All about touring, whether you are a local or visiting from overseas.
As a track rider in my youth, and now a road rider, I confess to some intrigue about touring. I gave up carrying things on a bike as a teenager, when a long length of rope, that I had found, found its way into the front wheel of my paper round bike. My nose is still out of shape, like some of my other parts.
The purpose of this thread is simply to pander to my intrigue about touring, and report the sightings of those actually seen "doing it".
Seen today, travelling up Grasstree Hill, toward Richmond (Tas), two well laden tourists, resplendent in vivid yellow jackets, turning the necessary low gears to get the load over the 5km ascent. I was tempted to turn around and have a chat, however they still had about 3km to climb, and despite their cheery greeting, looked like I should not steal their breath for the time being.

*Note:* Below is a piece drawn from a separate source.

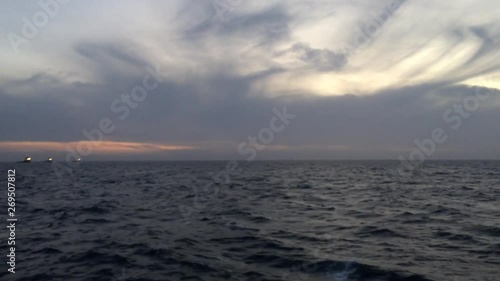 sunset over the sea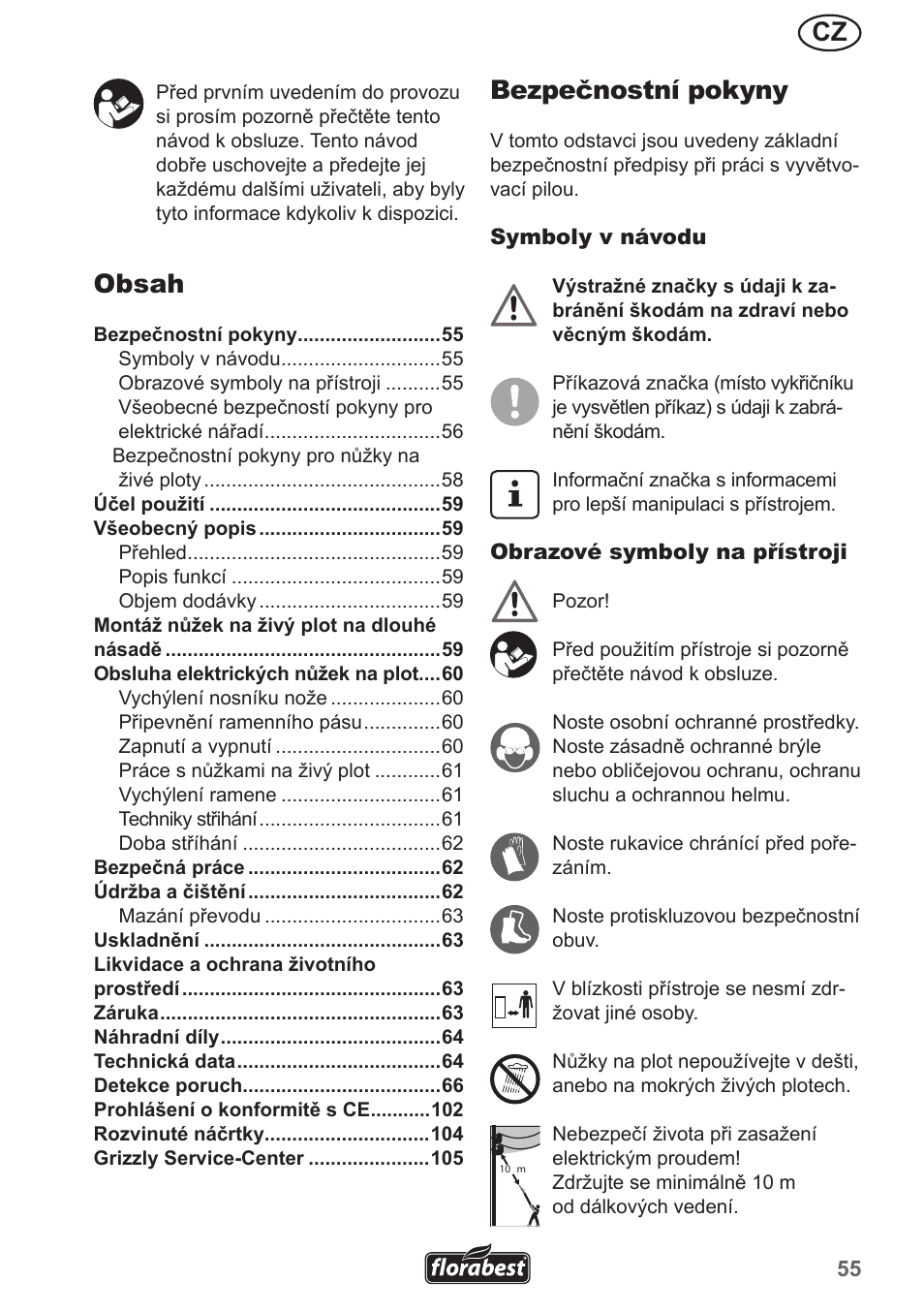 Florabest FHL 900 A1 User Manual | Page 55 / 106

I wonder how many cycling tourists hit Tassie each summer. From the beginning of December to end of February, I would see a cycle tourist on most of my rides. When I consider that I spend about 15 hours each week out on the roads around Sorell and Richmond, I realise that there must be lots more that I dont see, not to mention those that take routes outside my usual courses.
Give us a quick report on cycle tourists you spy.
I rode the Giro Tasmania in 2009 - like you, I'm a long-time roadie, and ironically what sparked my interest in touring was joining Bicycle Victoria's Great Escapade from Launceston to Hobart via the east coast back in 2008. I didn't much like the crowd, but really enjoyed the ride and was hooked - I bought a touring bike and have since toured NZ as well as Tassie. Now my road bike languishes unridden most of the time...
I'm going back to NZ soon, and will also return to Tassie to tackle the Western Explorer before heading off to Patagonia to ride the Carretera Austral.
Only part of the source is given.